=== Section Start ===

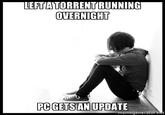 First World Problems
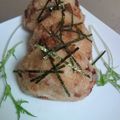 るぅたんmama's cooksnap of when they made 超簡単★男子ウケ抜群♡ガツンと味な筍ご飯.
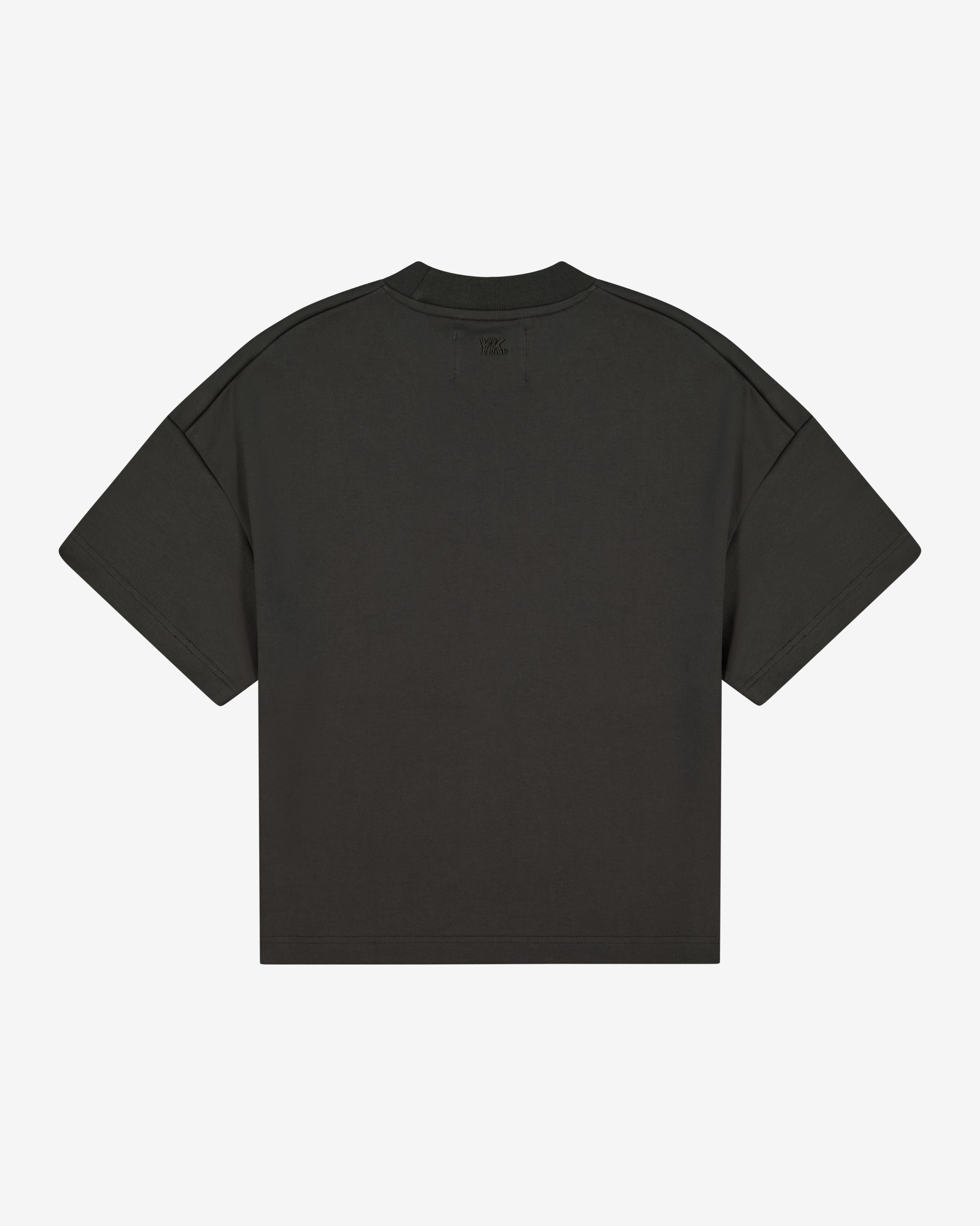 Nothing Heavyweight Tee | Volcanic Ash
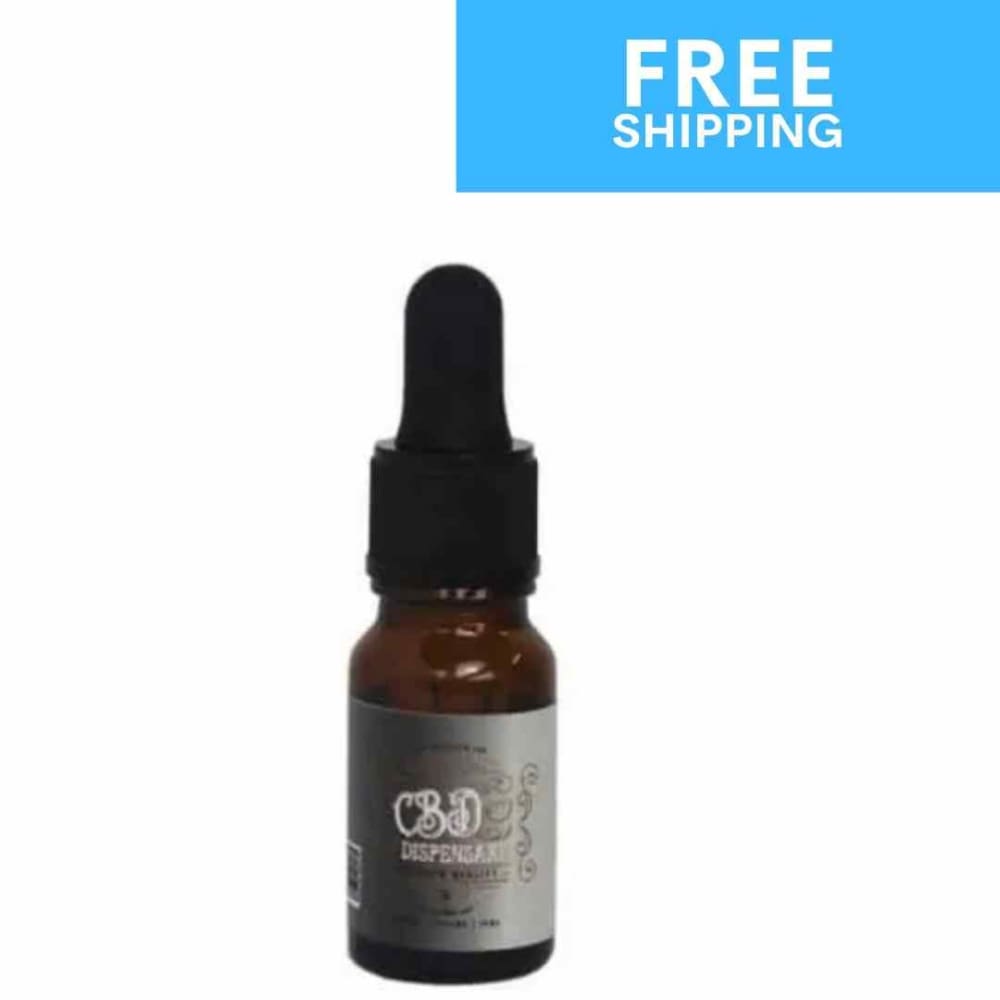 CBD Dispensary Tincture Oil Drops 1000mg - CBD oil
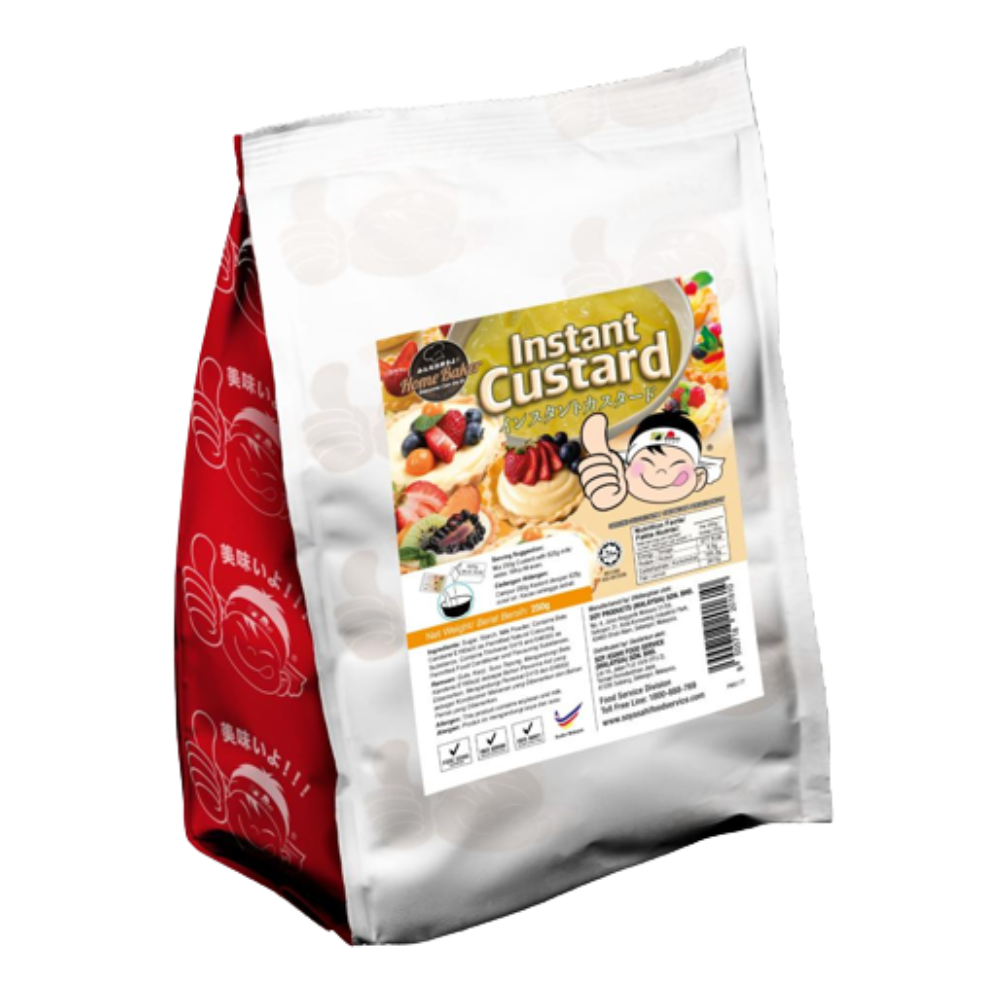 Instant Custard 250g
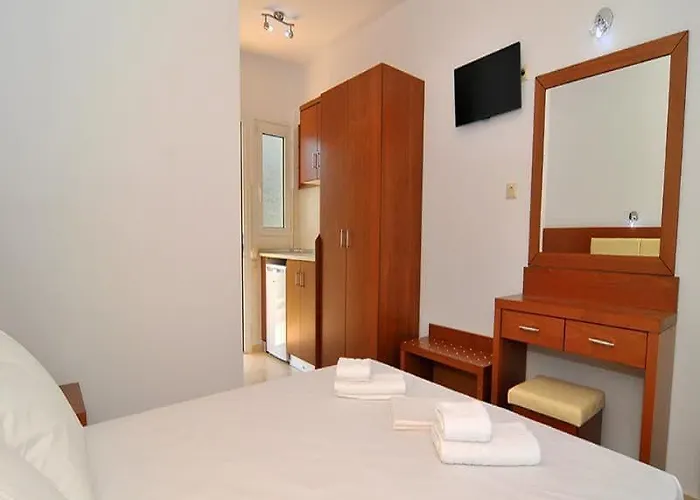 Ktima Chryssafis Chrysi Ammoudia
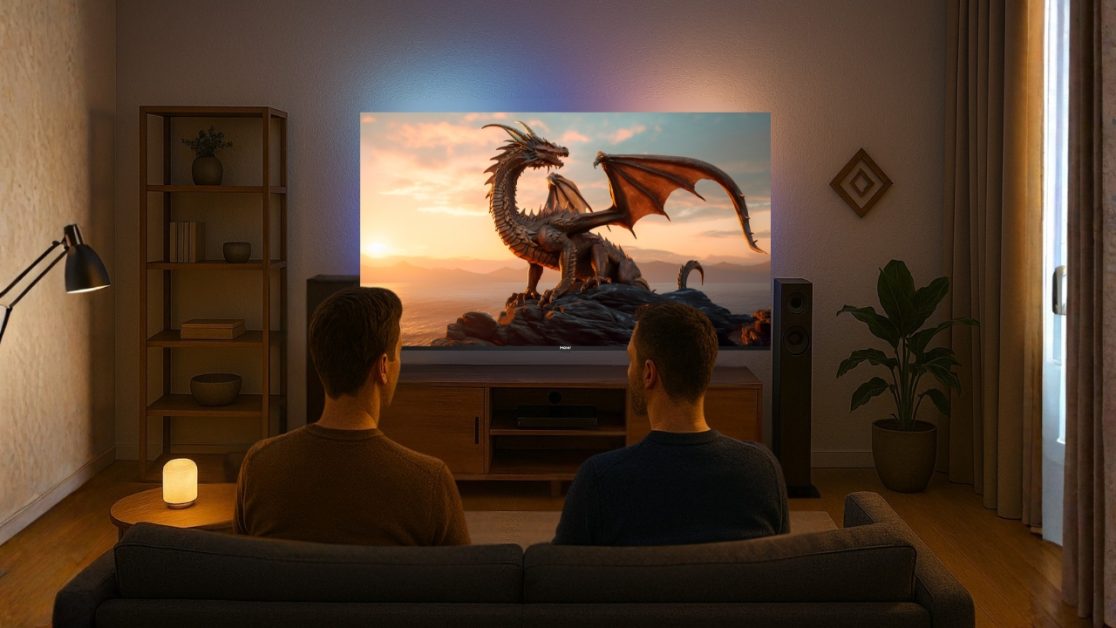 rainy-day streaming with perfect TV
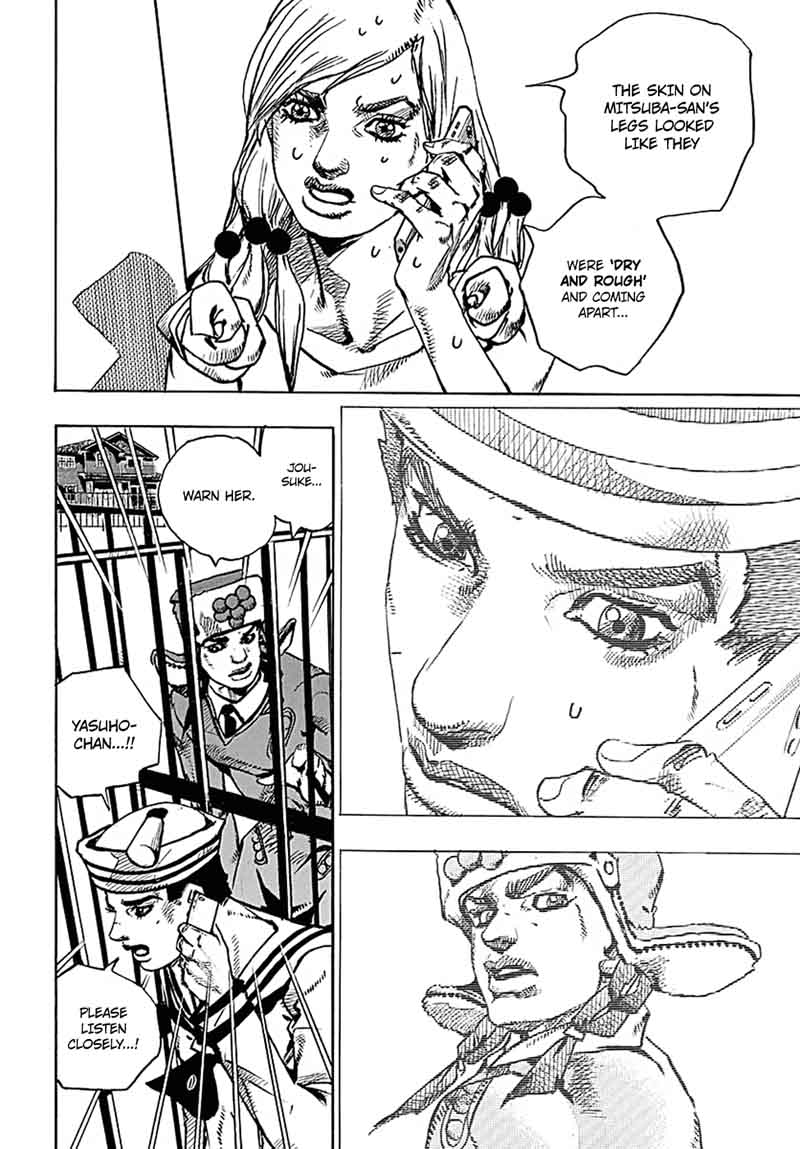 Jojos Bizarre Adventure Part 8 Jojolion 78 9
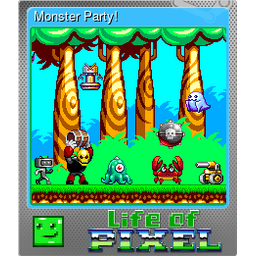Monster Party! (Foil)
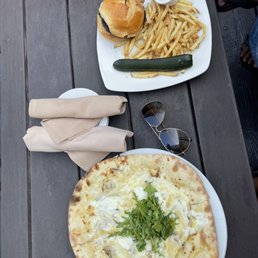 Truffle Pizza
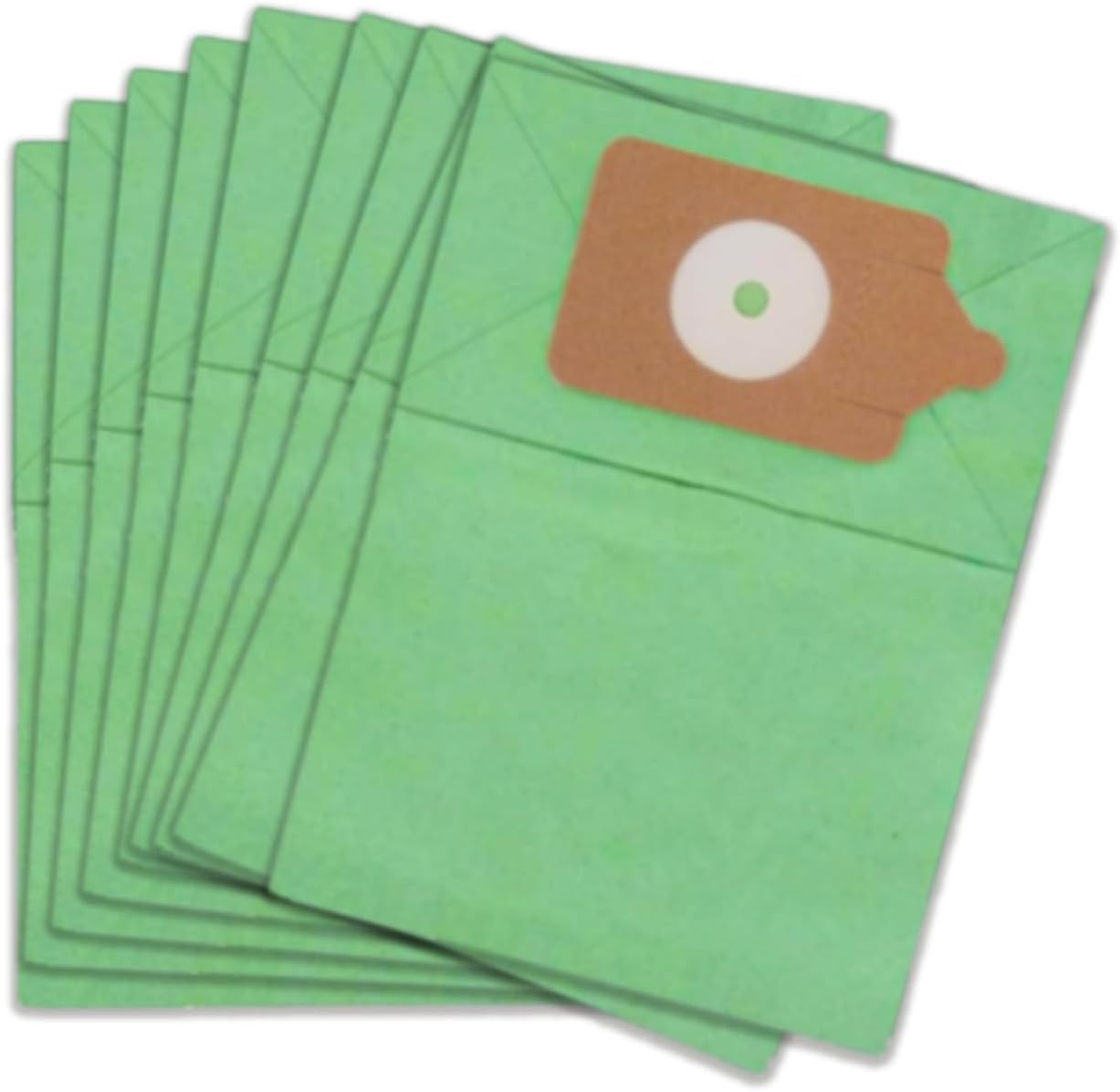 Pack of 10 Henry Hoover Bags compatible with Numatic Henry Hetty Basil James hoover bags for henry vacuum cleaner NVM1B NVM1C NVM1C2 Double Layer Paper Dust Bags Vacuum Cleaner Dust Bags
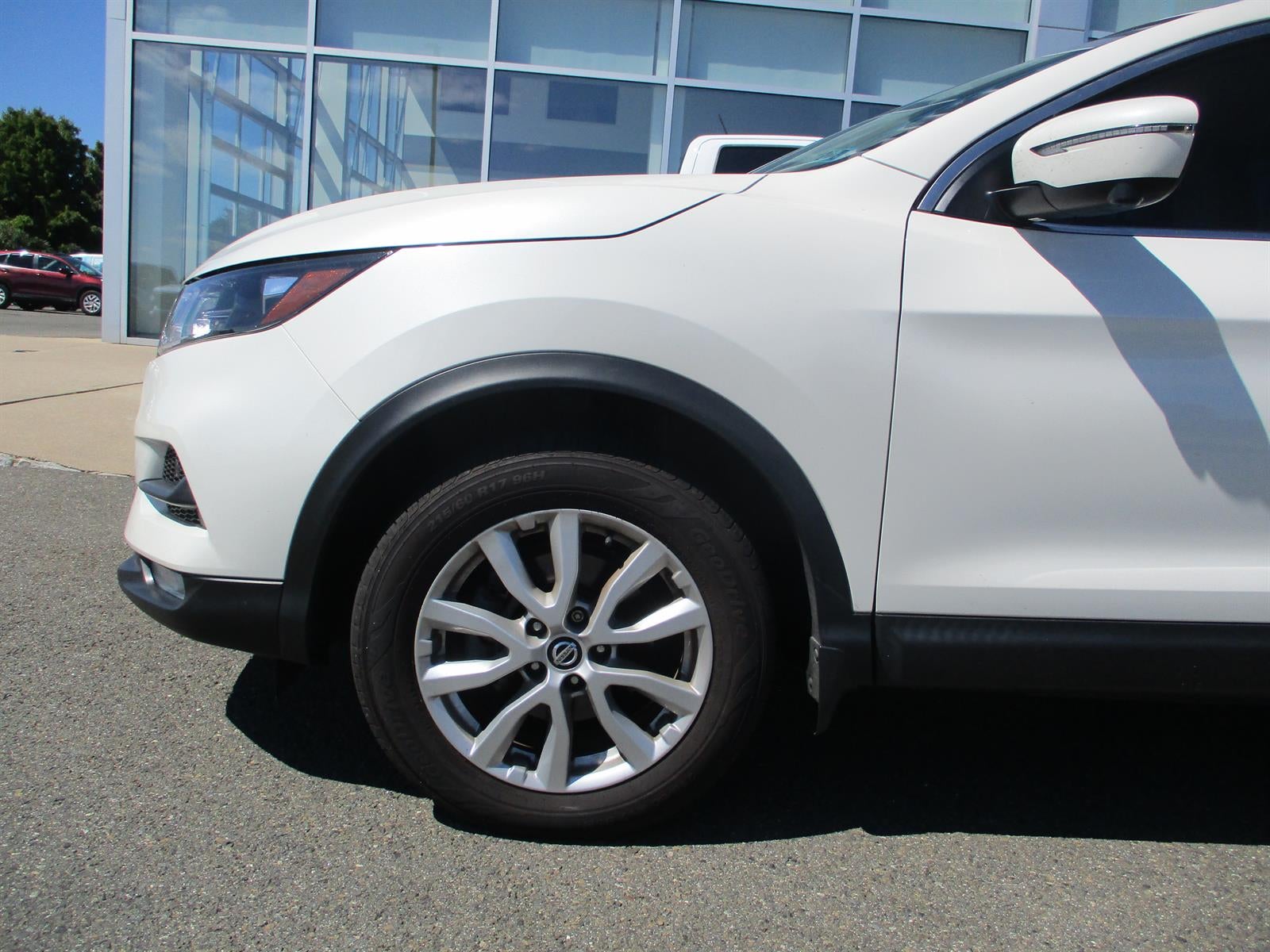 2020 Nissan Rogue Sport SV AWD Xtronic CVT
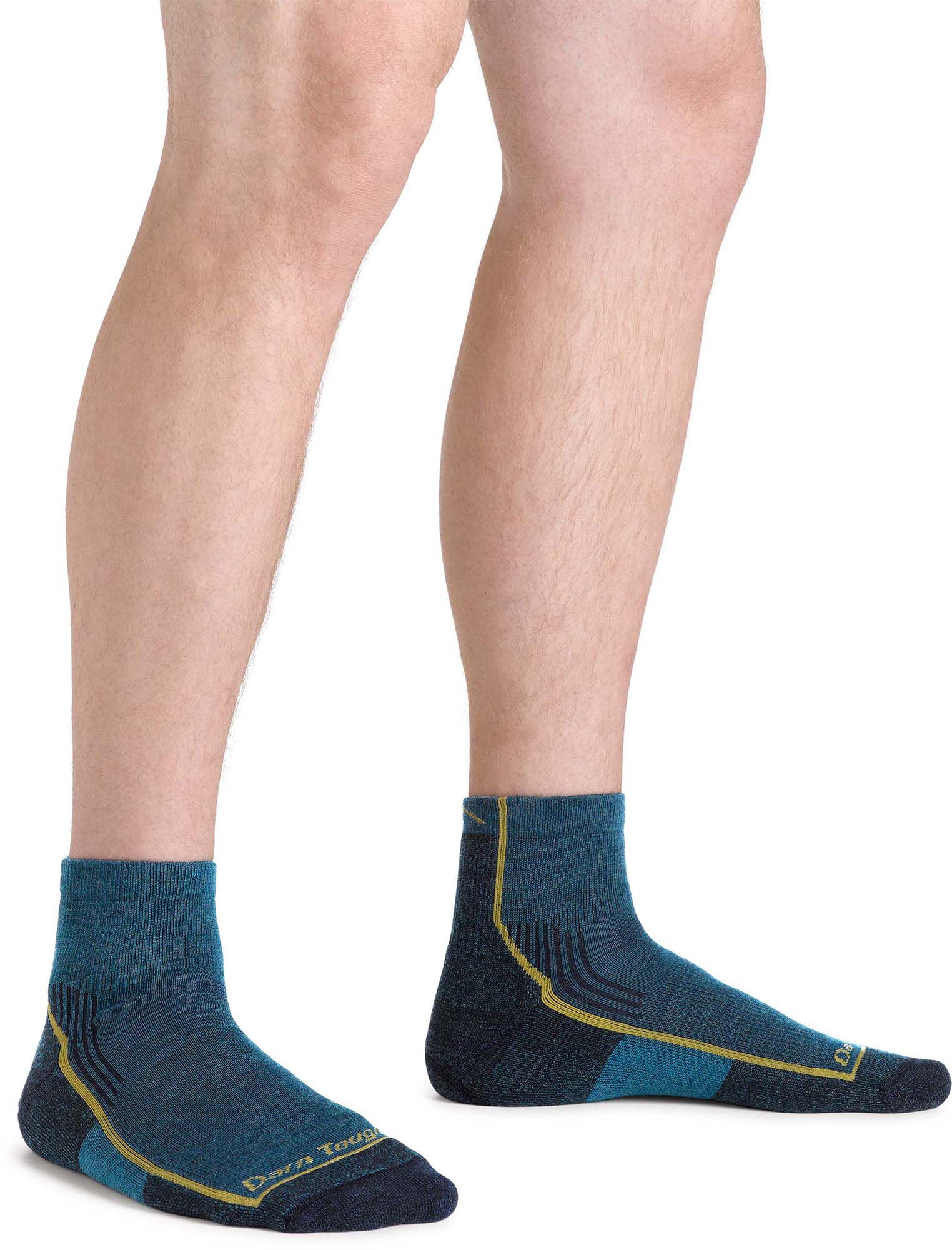 Darn Tough Hiker Quarter Midweight Hiking Socks product image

=== Section End ===

◆ Task to complete
Would you restate word for word each line from the one that holds "CBD Dispensary Tincture" to the end of the material, both ends included, without the pictures?

◆ Output for this task
 CBD Dispensary Tincture Oil Drops 1000mg - CBD oil
 Instant Custard 250g
 Ktima Chryssafis Chrysi Ammoudia
 rainy-day streaming with perfect TV
 Jojos Bizarre Adventure Part 8 Jojolion 78 9
Monster Party! (Foil)
 Truffle Pizza
 Pack of 10 Henry Hoover Bags compatible with Numatic Henry Hetty Basil James hoover bags for henry vacuum cleaner NVM1B NVM1C NVM1C2 Double Layer Paper Dust Bags Vacuum Cleaner Dust Bags
 2020 Nissan Rogue Sport SV AWD Xtronic CVT
 Darn Tough Hiker Quarter Midweight Hiking Socks product image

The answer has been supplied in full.